The grandson of deceased North Korean dictator Kim Jong-il supports a unified Korea, the teen said in an interview with former United Nations under-secretary general Elisabeth Rehn, which aired on a Finnish television station.
Kim Han-sol, a 17-year-old who is attending an international university in Mostar, Bosnia and Herzegovina, tells Rehn, in nearly unaccented English, that he was born in North Korea, but moved to Macau, China, when he was very young and that he never met his grandfather, even though he wanted to.
“That was actually one thing that I wanted to do before he passed away. I was really curious myself,” Han-sol says.
Han-sol says he hasn’t met his uncle, current North Korean leader Kim Jong-un, either. Han-sol is the son of Kim Jong-nam, Kim Jong-il’s eldest son, who fell out of favour with his father, leading the former dictator to appoint his youngest son as the next leader instead.
Han-sol says both his mother and his father taught him to think for himself and to be thankful for what he has in life. His upbringing has allowed him to make South Korean friends, he says.
“We shared stories from back home and realized how similar we are,” he says. “Same language, same culture.

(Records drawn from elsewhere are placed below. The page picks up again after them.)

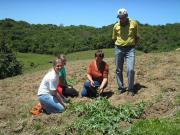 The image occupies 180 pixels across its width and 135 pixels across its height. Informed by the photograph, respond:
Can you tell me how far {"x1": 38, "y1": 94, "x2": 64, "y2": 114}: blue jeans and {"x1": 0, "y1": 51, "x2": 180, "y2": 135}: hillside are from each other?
26cm

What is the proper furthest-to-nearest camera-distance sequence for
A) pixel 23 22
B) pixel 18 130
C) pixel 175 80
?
pixel 23 22, pixel 175 80, pixel 18 130

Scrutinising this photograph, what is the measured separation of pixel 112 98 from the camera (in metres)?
10.8

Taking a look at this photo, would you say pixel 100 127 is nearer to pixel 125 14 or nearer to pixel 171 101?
pixel 171 101

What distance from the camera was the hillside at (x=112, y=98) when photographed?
9117 mm

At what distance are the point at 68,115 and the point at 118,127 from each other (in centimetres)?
145

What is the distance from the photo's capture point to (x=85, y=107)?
9.48m

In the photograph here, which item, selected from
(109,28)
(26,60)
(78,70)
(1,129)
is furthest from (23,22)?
(1,129)

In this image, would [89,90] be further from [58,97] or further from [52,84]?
[52,84]

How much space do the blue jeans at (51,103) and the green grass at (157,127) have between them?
212 centimetres

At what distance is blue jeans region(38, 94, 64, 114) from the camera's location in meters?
9.67

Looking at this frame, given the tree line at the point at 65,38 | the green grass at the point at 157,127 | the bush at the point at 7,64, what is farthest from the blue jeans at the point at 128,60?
the tree line at the point at 65,38

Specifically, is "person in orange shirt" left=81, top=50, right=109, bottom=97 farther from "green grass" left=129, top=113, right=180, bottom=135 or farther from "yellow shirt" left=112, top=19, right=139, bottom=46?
"green grass" left=129, top=113, right=180, bottom=135

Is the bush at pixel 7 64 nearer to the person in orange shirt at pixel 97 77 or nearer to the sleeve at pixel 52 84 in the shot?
the person in orange shirt at pixel 97 77

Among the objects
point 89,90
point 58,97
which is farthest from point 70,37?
point 58,97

It’s just political issues that divide the nation in half and now, today, I have really close friends and we travel together, and it’s such a wonderful feeling.”
Han-sol says he dreams of going back to North Korea after school to make a difference and to make life easier for people there.
“I also dream of unification because it’s really sad that I can’t go to the other side and see my friends over there,” he says. “It’s a really sad story because my friends would say, like, it would be really great to just take a bus or something, just to South Korea or North Korea, and meet each other at some point, but that’s one of the dreams.”
The full interview has been posted to Youtube.
(English interview begins at 1:35)
Han-sol’s dreams however, seem a long way off. On Friday, North Korea threatened to attack South Korea after anti-Pyongyang activists announced plans to launch leaflets into North Korea using balloons.